Social and Community Concerns

There is no lunch program here, which doesn’t pose a problem for the vast majority of students, as they simply walk home the few blocks to eat lunch with their families. In situations where the parents decided not to send them to the closest school but here instead, in hopes of a more quality education, not all of these students can make it all the way home for lunch – even more difficult for double utilization and double flux students who have a shorter lunch break. Other students forego lunch due to a situation of familial poverty, absentee parents, and various other socioeconomic difficulties, and too often come to school in the afternoon on an empty stomach.

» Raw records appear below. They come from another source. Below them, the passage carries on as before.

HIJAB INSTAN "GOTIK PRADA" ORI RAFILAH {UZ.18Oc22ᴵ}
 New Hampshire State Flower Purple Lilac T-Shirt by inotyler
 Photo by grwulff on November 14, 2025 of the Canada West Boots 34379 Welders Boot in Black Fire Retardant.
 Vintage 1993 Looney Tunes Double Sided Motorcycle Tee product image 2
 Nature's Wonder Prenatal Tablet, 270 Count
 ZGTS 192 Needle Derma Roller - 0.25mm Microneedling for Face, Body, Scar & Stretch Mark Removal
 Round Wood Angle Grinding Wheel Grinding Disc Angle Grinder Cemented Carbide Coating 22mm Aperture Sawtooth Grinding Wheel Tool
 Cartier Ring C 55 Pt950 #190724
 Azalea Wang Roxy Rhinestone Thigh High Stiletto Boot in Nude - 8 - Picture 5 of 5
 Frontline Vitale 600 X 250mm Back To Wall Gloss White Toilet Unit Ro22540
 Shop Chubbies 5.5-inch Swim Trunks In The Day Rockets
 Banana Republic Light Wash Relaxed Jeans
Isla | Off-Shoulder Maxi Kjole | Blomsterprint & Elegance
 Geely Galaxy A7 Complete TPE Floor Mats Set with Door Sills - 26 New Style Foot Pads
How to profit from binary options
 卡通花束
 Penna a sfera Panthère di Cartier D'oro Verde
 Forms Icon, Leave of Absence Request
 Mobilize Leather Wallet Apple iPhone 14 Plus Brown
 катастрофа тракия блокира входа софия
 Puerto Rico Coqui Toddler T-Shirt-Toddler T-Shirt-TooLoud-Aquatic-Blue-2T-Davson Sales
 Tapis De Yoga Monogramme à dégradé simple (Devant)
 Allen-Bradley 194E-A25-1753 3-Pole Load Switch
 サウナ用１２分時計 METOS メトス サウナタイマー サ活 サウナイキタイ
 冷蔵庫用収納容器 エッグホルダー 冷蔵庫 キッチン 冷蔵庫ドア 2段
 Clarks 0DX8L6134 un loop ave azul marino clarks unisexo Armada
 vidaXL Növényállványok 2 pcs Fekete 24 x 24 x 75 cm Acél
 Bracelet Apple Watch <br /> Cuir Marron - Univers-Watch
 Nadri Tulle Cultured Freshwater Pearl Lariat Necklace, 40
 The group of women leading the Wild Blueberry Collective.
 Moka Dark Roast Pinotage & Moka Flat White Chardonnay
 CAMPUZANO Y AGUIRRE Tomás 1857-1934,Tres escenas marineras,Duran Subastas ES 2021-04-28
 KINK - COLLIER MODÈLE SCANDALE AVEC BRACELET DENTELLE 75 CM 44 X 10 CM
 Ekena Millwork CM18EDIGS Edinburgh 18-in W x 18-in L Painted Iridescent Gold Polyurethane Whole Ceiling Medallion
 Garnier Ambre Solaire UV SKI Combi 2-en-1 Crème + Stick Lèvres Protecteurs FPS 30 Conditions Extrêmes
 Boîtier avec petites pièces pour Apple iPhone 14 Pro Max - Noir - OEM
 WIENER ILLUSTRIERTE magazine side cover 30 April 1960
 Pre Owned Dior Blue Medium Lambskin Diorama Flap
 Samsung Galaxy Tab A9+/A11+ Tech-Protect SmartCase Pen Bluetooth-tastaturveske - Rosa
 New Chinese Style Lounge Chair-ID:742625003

“People prefer to help the rural areas,” Ndiaye explains, over the repetitive shouts of the Arabic class next door, “thinking that they face more problems than us in the urban centers. But they are wrong; we have problems, too.” Ndiaye has been working with the CODEC, the local pedagogical grouping, to set up a social commission, in order to first identify and then find ways to support children in difficult situations. He has already signaled, or learned from others, certain serious cases involving students that deserve attention, including a latchkey child with troublesome friends, a girl with mental issues who is not receiving the proper care, and the handful of students whose afternoon attention span and energy suffers from not having eaten lunch.

Being based in an urban center, Cheikh Mbaba Sow sees less cases of children without birth certificates, but it does have its fair share of parents who, with what they gain from their artisanal and commercial activities, cannot pay for the enrolment fees, or cannot purchase the necessary supplies for their children, from pens to books. Given that a part of the enrolment fees goes to cover the regular expenses of the school – water, electricity, a guard – late or non-existent fees put the school’s daily operations in danger. The school’s only recourse is to send the child home, as a “threat” to the parent to pay the fees, but such a measure is only temporary, rarely employed, and very rarely successful in obtaining the missing fees.

In addition, as a larger school with lots of traffic – not only from students, but from visitors on their way back from meetings at the Inspection next door – hygiene is a primary concern for the school. With the recent announcement of H1N1 arriving in Senegal, the director has requested more cleaning supplies. Without running water in the bathrooms, the school has a water basin they fill for washing hands. In addition, it is not easy to provide potable drinking water, uncontaminated by busy little hands, to the children. This means having drinking buckets, with bleach-treated water, and a cup in each classroom, although the unique cup is still shared throughout the group. So, recently, the staff has been encouraging parents even more to send their children to school with individual water thermoses.

Generally, challenges such as sensitizing parents, improving hygiene measures, collecting late fees, and exploring for additional funds to support the school would be taken up by the APE, the Association des Parent’s d’Elèves, similar to a Parent Teacher Association but with fiscal responsibilities and rights in the school. Regrettably, history has shown that the APE of Cheikh Mbaba Sow is too often focused on power struggles and political statements than it is on supporting the school. According to the director, the board members hold significant power in the community but do not want to act in favor of the school, leaving him searching for a strategy to work around them without displacing them. He’s still trying to narrow down the appropriate strategy, all the while lamenting the weak ties between his institution and the neighborhood surrounding it.

Friday, February 19, 2010

Welcome to Ecole Primaire Cheikh Mbaba Sow!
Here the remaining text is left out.